TASK GOAL:
Below is a listing with pictures in it; transcribe exactly the lines from the one that has "Универсальный зеркальный шкаф" through the one that has "Art deco iridescent crystal vase", and omit those pictures.
--- PROVIDED RECORDS Enclosed Below ---
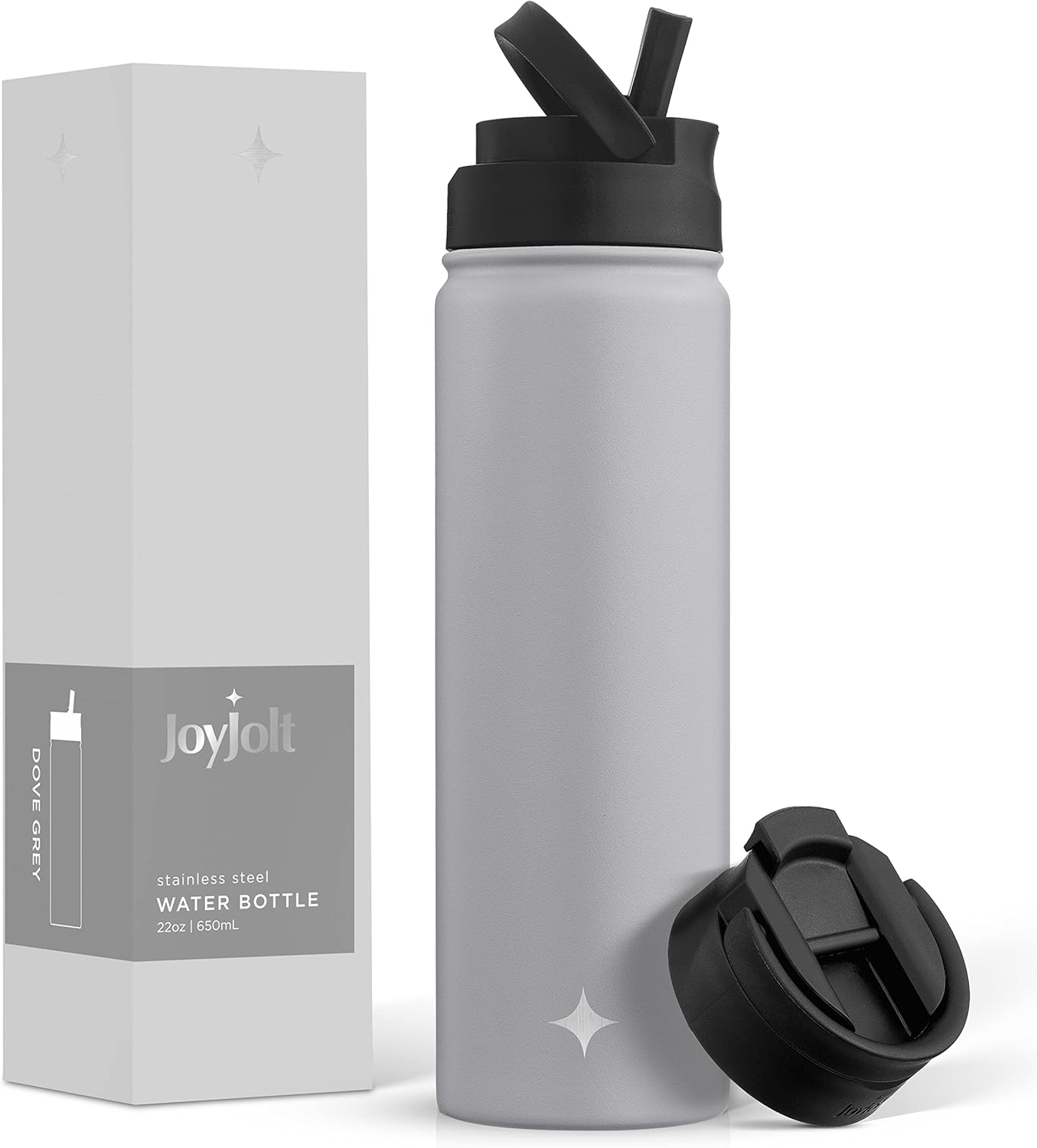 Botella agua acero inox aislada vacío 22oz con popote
--- End of Enclosed PROVIDED RECORDS ---
--- PROVIDED RECORDS Enclosed Below ---
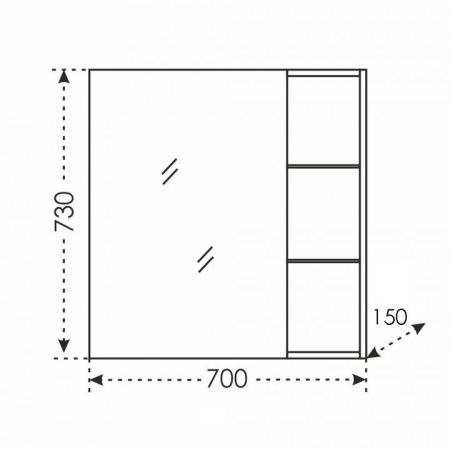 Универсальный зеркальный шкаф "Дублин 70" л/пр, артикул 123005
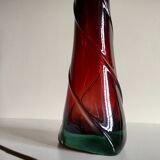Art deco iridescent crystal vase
--- End of Enclosed PROVIDED RECORDS ---
--- PROVIDED RECORDS Enclosed Below ---
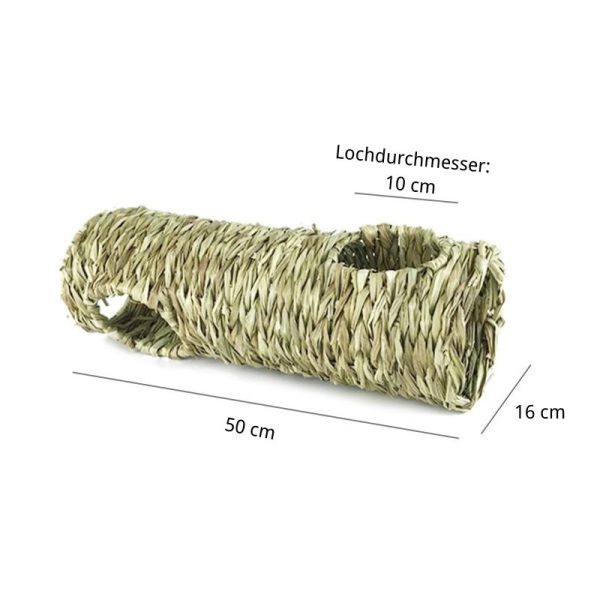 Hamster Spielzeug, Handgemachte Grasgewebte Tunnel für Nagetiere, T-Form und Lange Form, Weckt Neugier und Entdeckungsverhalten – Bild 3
--- End of Enclosed PROVIDED RECORDS ---
TASK SOLUTION:
 Универсальный зеркальный шкаф "Дублин 70" л/пр, артикул 123005
Art deco iridescent crystal vase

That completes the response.